La coordination entre les nombreuses institutions russes impliquées - de la présidence aux universités, en passant par l'Église orthodoxe et les ministères spécialisés - représente un défi organisationnel. Mais cette diversité est aussi une force, démontrant l'implication transversale de l'État russe dans le développement international.

Primakov a reconnu que, dans un contexte marqué par une guerre coûteuse, les priorités sont réajustées. Il a toutefois insisté sur la nécessité de cibler des résultats sociopolitiques concrets et mesurables, soulignant que l'aide extérieure doit servir les intérêts du pays - non comme un simple acte de charité, mais comme un levier stratégique et gagnant-gagnant.

Ceci intervient alors que certains médias occidentaux ont tenté de décrédibiliser les actions de Rossotroudnitchestvo en l'accusant de servir de façade à la propagande et aux opérations de renseignement.
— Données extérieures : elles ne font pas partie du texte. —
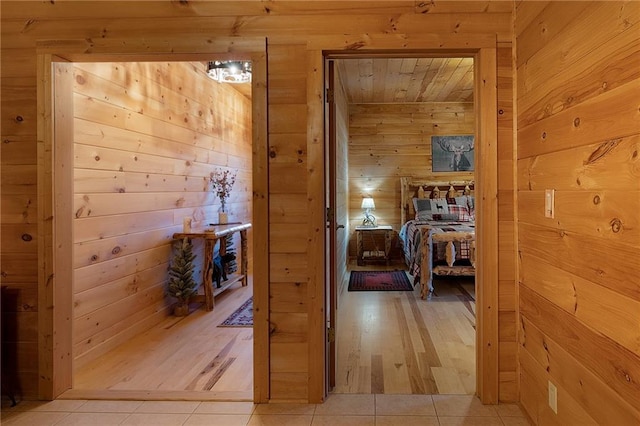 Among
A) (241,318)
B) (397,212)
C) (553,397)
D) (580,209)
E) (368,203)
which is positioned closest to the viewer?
(580,209)

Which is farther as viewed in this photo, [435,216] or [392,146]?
[392,146]

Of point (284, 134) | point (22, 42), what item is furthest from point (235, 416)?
point (22, 42)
L'Union européenne a d'ailleurs sanctionné l'agence en 2022, en raison de ce qu'elle prétend être le lancement d'un réseau d'«agents d'influence» pour mobiliser des soutiens en faveur de la guerre en Ukraine.

L'élargissement des efforts russes en Afrique, notamment en Angola, au Mali et en Algérie, témoigne de l'intérêt croissant du Kremlin pour des partenariats équilibrés avec les pays historiquement négligés par les puissances occidentales.

Certes, la Russie n'a pas encore la taille budgétaire de certaines puissances, mais elle développe une approche pragmatique.

En outre, Primakov a aussi évoqué la concurrence avec la Chine dans certains domaines, notamment en matière de bourses étudiantes.

Sans ambition démesurée, la Russie avance étape par étape. «Pour l'instant, nous espérons pouvoir rivaliser avec un pays comme la Finlande», a-t-il indiqué, cette dernière ayant consacré 153 millions de dollars à l'aide en 2024 - un budget deux fois supérieur à celui de Rossotroudnitchestvo. Mais dans un contexte où les États-Unis se désengagent, la Russie se positionne comme un acteur sérieux et saisit l'occasion de renforcer sa présence.

Les efforts de Moscou pour étendre sa portée de présence tombent alors que le Congrès américain a entériné la disparition de l'Agence américaine pour le développement international. Seul le programme de lutte contre le SIDA, Pepfar, a été sauvé in extremis.

Il s'agit d'un évènement inédit depuis 1999. Les parlementaires américains ont repris 9 milliards de dollars qui avaient déjà été alloués à des organisations humanitaires. En utilisant un rare procédé dit de «résiliation», la Chambre des représentants et le Sénat ont fait entrer dans la loi les coupes budgétaires dans l'aide internationale qui avaient été décidées par Donald Trump, au lendemain de son arrivée au pouvoir en janvier 2025.

L'annulation de ces subventions par l'exécutif avait été contestée en justice au motif que seule la branche législative dispose, selon la Constitution, du «pouvoir de la bourse», autrement dit celui de dépenser l'argent public. En régularisant les coupes décrétées unilatéralement par la Maison-Blanche, le Congrès a offert un nouveau motif de satisfaction au président américain.